### Work instruction
Strip the pictures, then copy the remaining data exactly as it stands.

### Data segment

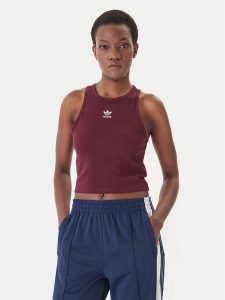 Adidas Top Essentials KD3824 Bordowy Slim Fit. Czerwone topy ADIDAS, xs, bez wzorów, z bawełny, bez kołnierzyka, bez ramiączek. Za 119,99 zł.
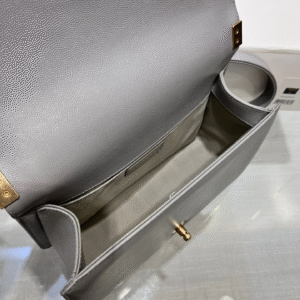 CHANEL BOY BAG MEDIUM 25 GREY CAVIAR GOLD HARDWARE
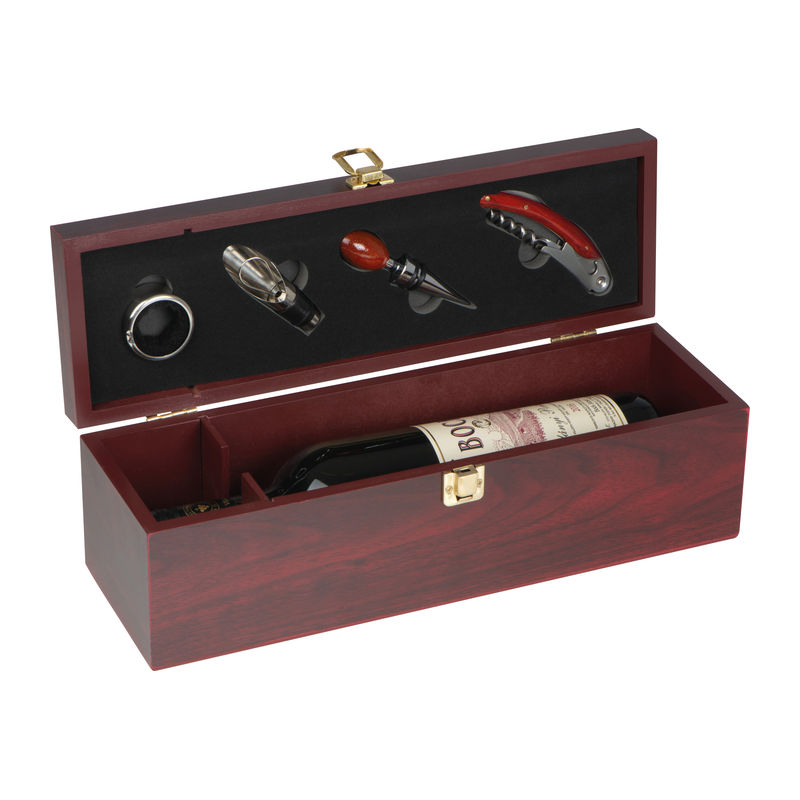 Wine set in wooden box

### Finished exercise
 Adidas Top Essentials KD3824 Bordowy Slim Fit. Czerwone topy ADIDAS, xs, bez wzorów, z bawełny, bez kołnierzyka, bez ramiączek. Za 119,99 zł.
 CHANEL BOY BAG MEDIUM 25 GREY CAVIAR GOLD HARDWARE
 Wine set in wooden box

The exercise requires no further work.